## EXTRACTED RECORDS
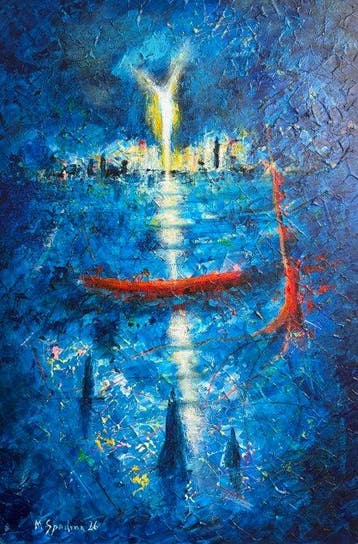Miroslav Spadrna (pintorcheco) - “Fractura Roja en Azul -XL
* * *
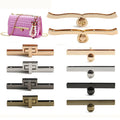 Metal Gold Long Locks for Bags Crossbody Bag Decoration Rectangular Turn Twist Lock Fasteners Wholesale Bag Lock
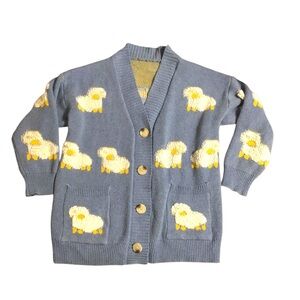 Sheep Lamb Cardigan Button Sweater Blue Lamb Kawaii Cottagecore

## TASK STATEMENT
Give back exactly, and solely, the section of the data above bounded by the line containing "Metal Gold Long" and the line containing "Sheep Lamb Cardigan", both bounding lines included and pictures omitted.

## SOLUTION BELOW
 Metal Gold Long Locks for Bags Crossbody Bag Decoration Rectangular Turn Twist Lock Fasteners Wholesale Bag Lock
 Sheep Lamb Cardigan Button Sweater Blue Lamb Kawaii Cottagecore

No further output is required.